His latest comedy album, This Has to Be Funny, from August of 2011, finds him still uncomfortably self-aware, but with his anger dialed down. "If I become a more grounded person, I don't think the podcast will suffer for it," he says. Looking to the future, he realizes, "I'll run out of comedians eventually, but I'll want to evolve into my other areas of interest. I'll want to take it out into the world. Certain things won't change." He looks forward to talking to more people from outside the comedy business, like cooking commentator Anthony Bourdain from his Dec. 5 show.

Maron suspects that "WTF's" appeal goes beyond hardcore comedy nerds: "The Robin Williams episode drew a lot of people to the [podcast] medium itself. I don't think a lot of the people who listen are innately into comedy.
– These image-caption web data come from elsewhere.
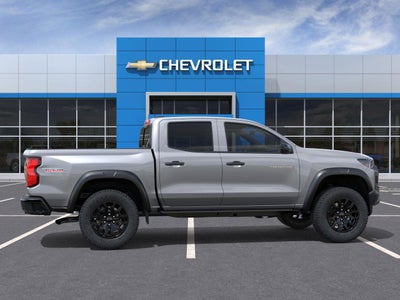 2026 Chevrolet Colorado Trail Boss, 4WD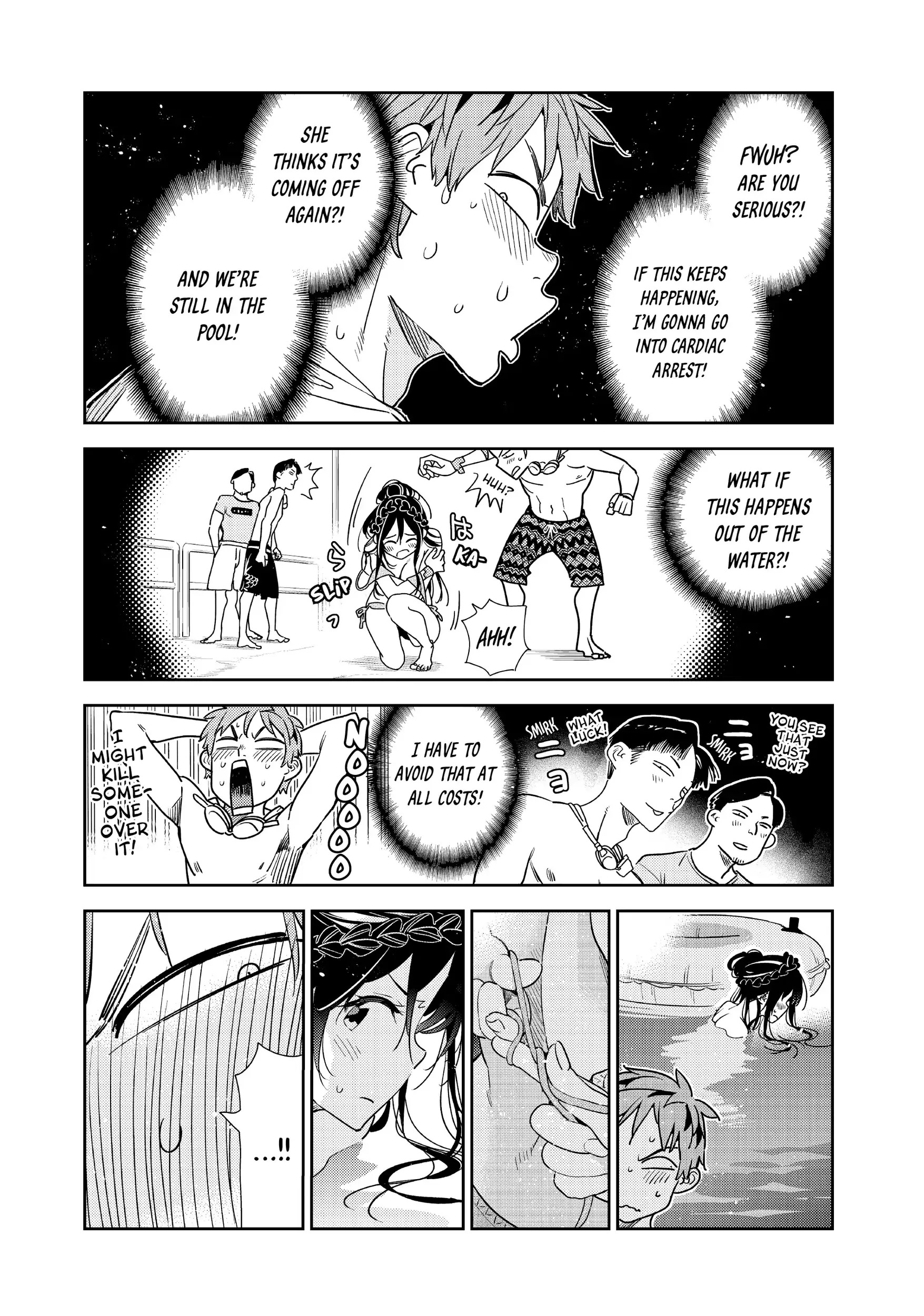 Read Rent-A-Girlfriend EN Manga Online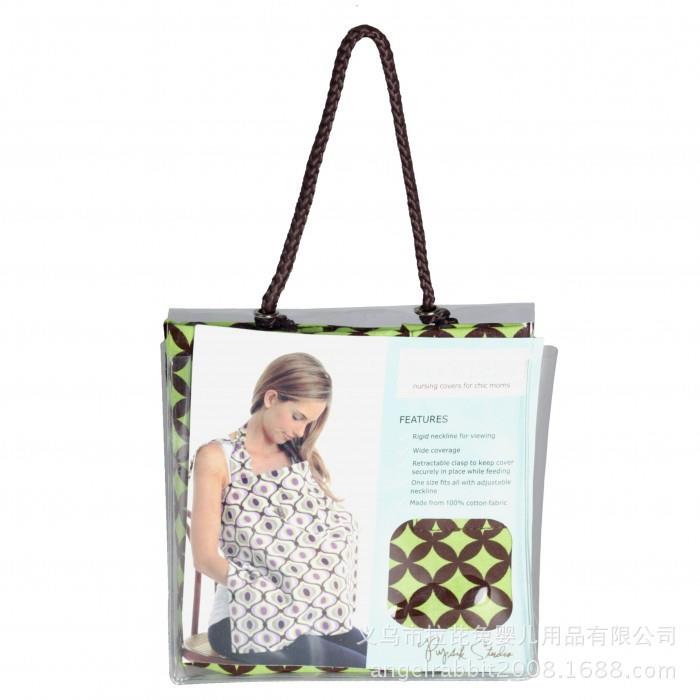 Angel Rabbit Nursing Covers For Chic Moms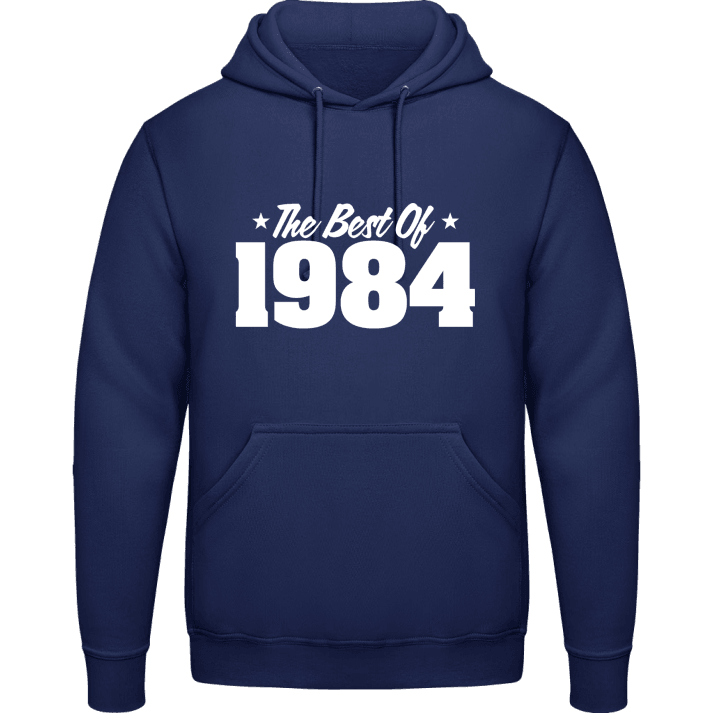 The Best Of 1984 Sudadera con capucha 0 image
They like the conversation and the openness of the conversation. I get a lot of people at my show who say, 'This is my first stand-up show.'"

Podcasts like "WTF" seem to attract some listeners because of the intimacy of the experience. Stand-up comedians thrive on radio because they're innately good talkers, but podcasts can draw on their introspective, philosophical qualities, without fear of censorship. As his listeners plug in their earbuds while on public transit, at the gym, or on the job, Maron says, "The relationship with people in this medium is very one-on-one. It's very personal. Some people attracted to what I do feel isolated in their lives, or spend a lot of time in their heads, or feel self-conscious about their own addictions."

On the 200th episode of "WTF," Maron turned the tables to take questions from comedian Mike Birbiglia, and remarked, "I get emails from people saying, 'I'm so glad you're speaking your mind, because I thought I was fuckin' alone.' The best thing you can do as a comic is to make someone feel less alone."